Main city streets are mostly 2-lane, two-way streets that transgress the entire city. Some streets farther out from downtown are 4 lane roads, and a few far out streets are even 6 lanes (but not many).

What's the situation in your city? Are residential areas mostly one-way or two-way?


----------



## sequoias (Dec 21, 2004)

Most of downtown Seattle is one way streets, few residential areas have it , too. I have no idea how many miles of one way streets in downtown Seattle alone.


----------



## hkskyline (Sep 13, 2002)

New York has so many of them, especially the east-west streets in Manhattan.


----------



## gladisimo (Dec 11, 2006)

Same with San Francisco, one way streets everywhere.


----------



## Xelebes (Apr 1, 2007)

Edmonton has exactly one one-way street (avenue in this particular case) with the exceptions of any single one leading to a bridge (all bridges in Edmonton's downtown are one-way).


----------



## itsmevishal2k4 (Oct 30, 2006)

mumbai is mostly one way i think

if not 50-50


----------



## dchengg (Jan 13, 2006)

Vancouver downtown used to be mostly one way streets,
which may get confusing very easily
but then now they converted some streets to two way lanes


----------



## pilotos (Jan 24, 2007)

Well my city's center is full of one way streets along with pedestrian streets


----------



## DanielFigFoz (Mar 10, 2007)

pilotos said:


> Well my city's center is full of one way streets along with pedestrian streets


me to


----------



## Resident (Aug 18, 2006)

Downtown Denver is almost all one-way, I can think of a couple that aren't but not many.

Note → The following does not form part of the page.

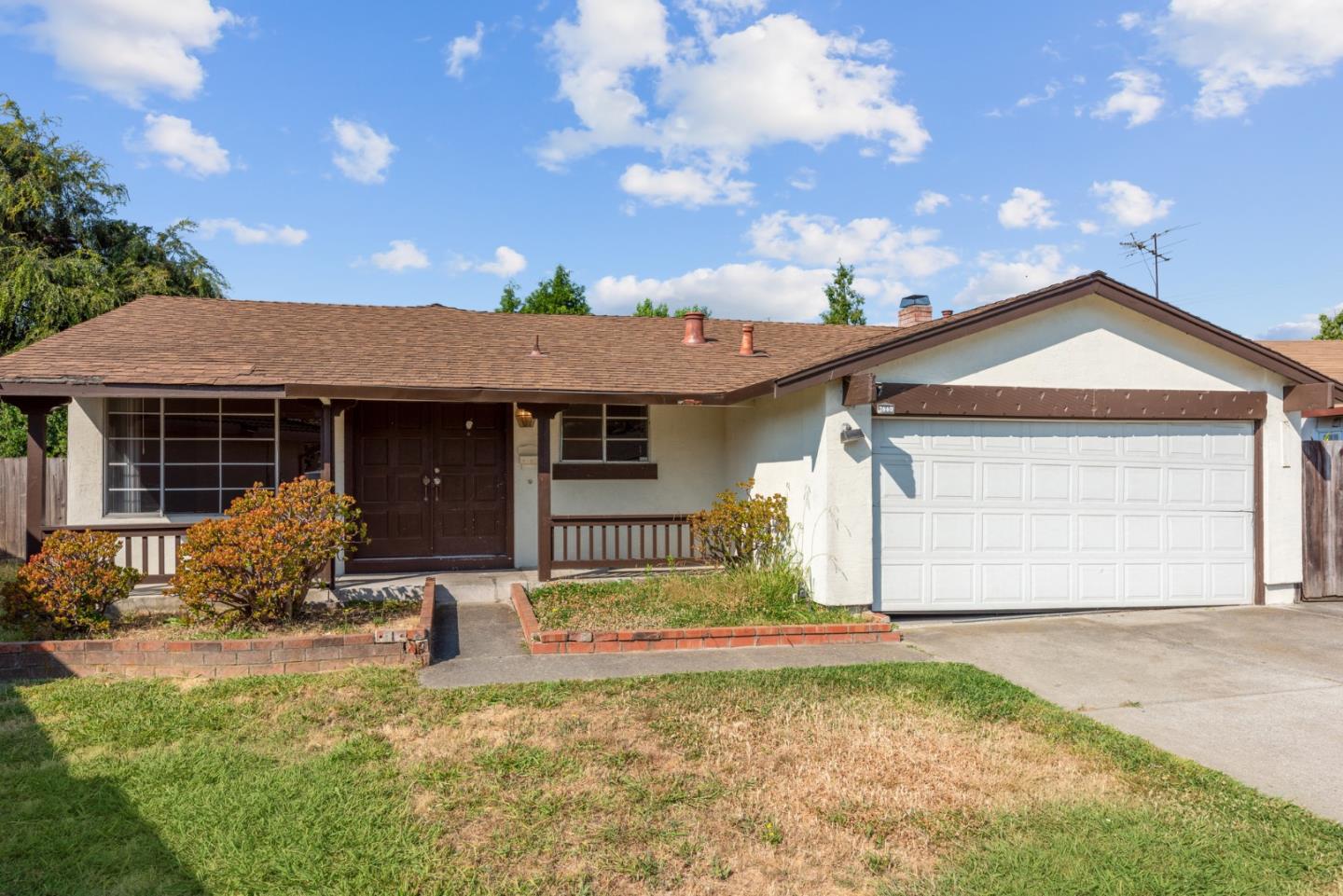 Detail Gallery Image 1 of 48 For 2660 Crest Ct, Union City,  CA 94587 - 3 Beds | 2 Baths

I live in cap. hill and alot of the residential streets in my neighborhood are one-way, I'd say maybe 40%, I think thats alot for residential.


----------



## Xusein (Sep 27, 2005)

Downtown has a few one-ways, but I would say at least 90% of the city has two-way streets.

The problem of this is that many people park their cars on the street, making a drive down a residential street when a car is coming the other side a gamble.


----------



## invincible (Sep 13, 2002)

Ahh Melbourne, where the CBD streets still have room for 45 degree parking in the middle of the road (or a dual track tram line).

Of course, a lot of people thought that the streets were ridiculously wide when they were first built, but it comes in handy, 150 years and 3.8 million people later.

Some streets here are too narrow to fit two-way traffic along with parking - but it just becomes an etiquette thing when one car pulls over to let the other pass.


----------



## AltinD (Jul 15, 2004)

DUbai city streets are also one-way and have a speed limit of 80 kph (50 MPH). Only neighbourhood roads are two-way.


----------